All the surveys were given ethical approval by the Medical Research Coordinating Committee of the Tanzanian Ministry of Health.
HIV testing was carried out at a regional reference laboratory in Mwanza City. In the first survey, venous blood was collected; subsequently, dried blood spots from finger pricks were used. In the first 3 surveys, HIV testing was carried out using Vironostika HIV-MIXT (Organon, Teknika, Boxtel, The Netherlands) and Enzygnost HIV1/HIV2 (Dade Behring Marburg GmbH, Marburg, Germany). In the fourth round, Uniform 2 (BioMerieux, Boxtel, The Netherlands) and Enzygnost HIV1/HIV2 (Dade Behring Marburg GmbH) were used. In all survey rounds, samples for which enzyme-linked immunosorbent assay (ELISA) results were reactive were considered to be HIV-positive. Western blot tests were used to discriminate between discrepant results in round 1. In subsequent rounds, the 2 ELISA tests were repeated; if the results were still discrepant, the sample was excluded from analysis (27 samples).
Prevalence ratios are calculated for residents aged 15 to 44 years who participated in a particular survey round, generally excluding data for those aged 45 years and older, which are only available in later survey rounds. Individual test results can be matched on study numbers, which makes it possible to identify people who acquired HIV infection between 2 consecutive survey rounds and those who contributed person-years “at risk” but remained negative over the intersurvey intervals. Incidence rates are based on people who participated in 2 or more serosurveys. In addition, the incidence analysis includes young people who had attended only 1 survey and had been resident in Kisesa ward when the previous round was conducted but had been too young to attend the previous round. These young people, who were all aged younger than 15 years at the previous survey, were presumed to be uninfected at this earlier time point. The inclusion of these extra young people minimizes the degree of left-censoring in the 15- to 19-year-old age group, which would otherwise lead to an overestimate of incidence in this age group.

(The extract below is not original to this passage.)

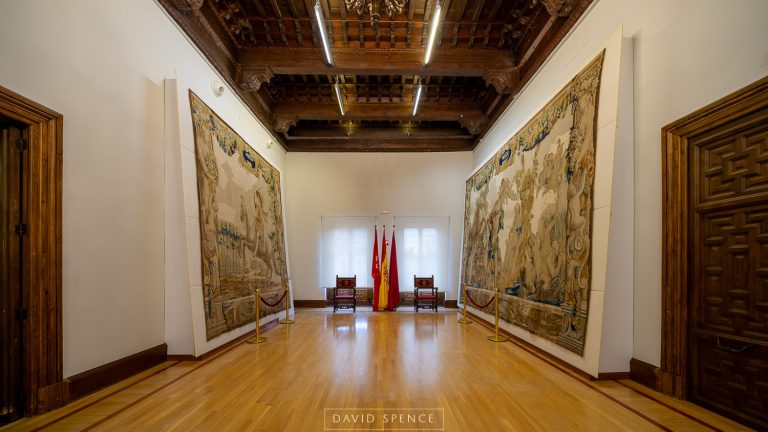 Sala de Tapices Casa Cisneros Ayuntamiento Madrid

Survival analysis was used to calculate incidence rates. Person-years of exposure were calculated using time elapsed after the date of an individual's first negative HIV test result, except for the young residents who had been too young to participate in their village's previous serosurvey, for whom exposure is calculated as time elapsed from their 15th birthday. Exposed individuals who tested positive exited at the time of seroconversion. People who did not seroconvert are censored at the date of the last serosurvey they attended. Information on the serostatus of individuals older than 45 years of age is used to identify seroconverters and to compute person-years of exposure up to the age of 45 years, but the reported incidence rates are limited to individuals aged 15 to 44 years. We have also estimated the cumulated risk of acquiring HIV infection based on the life table proportion infected by the age of 45 years.
Overall HIV prevalence ratios and incidence rates were standardized using direct standardization for age and residence and are presented separately for male and female participants.

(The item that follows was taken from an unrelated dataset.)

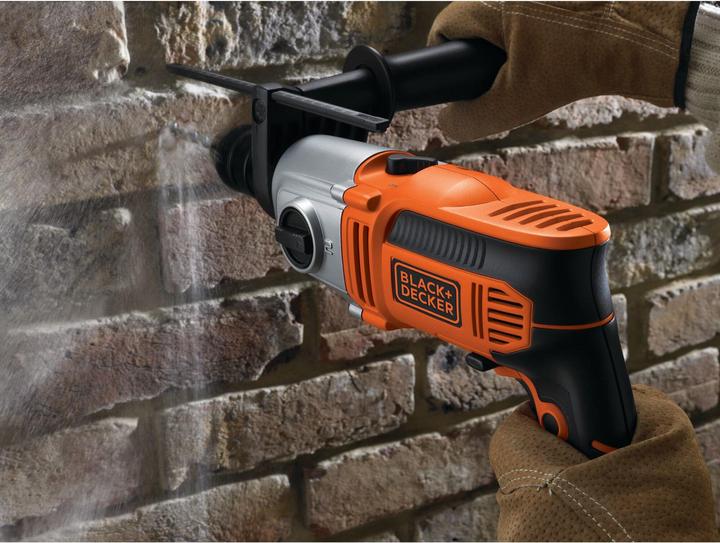 Produktbild Black & Decker Schlagbohrmaschine KR8542K (Netzbetrieb)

Because individuals can move between study villages, the intervals between consecutive survey rounds in which they participated may be quite wide (between 2 and 3.5 years) and an approximate date for seroconversion was imputed for each case, even for those who changed status after missing a survey round. This problem is common to most studies of HIV incidence and is often dealt with by taking the midpoint of the interval as the estimated date of seroconversion. This may not be an ideal solution when incidence is changing and the gap between tests is long and varies between individuals, however.8
To overcome the problems of interval censoring, we used a multiple imputation technique. Seroconverters were allocated a random date between their last negative test result date and their first positive test result date; the young Kisesa residents who tested positive at their first test were allocated a random date between the median date of the earlier survey in their village of residence (which they had been too young to attend) and their first test date. The random numbers were drawn in such a way as to produce a uniform distribution of seroconversion dates in each interval for the population as a whole. The process of random number allocation was repeated until the average 5-year age- and gender-specific incidence rates in each intersurvey interval and for both geographic strata did not change; this occurred after approximately 4500 runs. The random number allocation process was continued for an additional 5500 runs, with no further changes observed. The tabulated incidence rates and estimates of lifetime risk are based on the averages of these 10,000 repetitions.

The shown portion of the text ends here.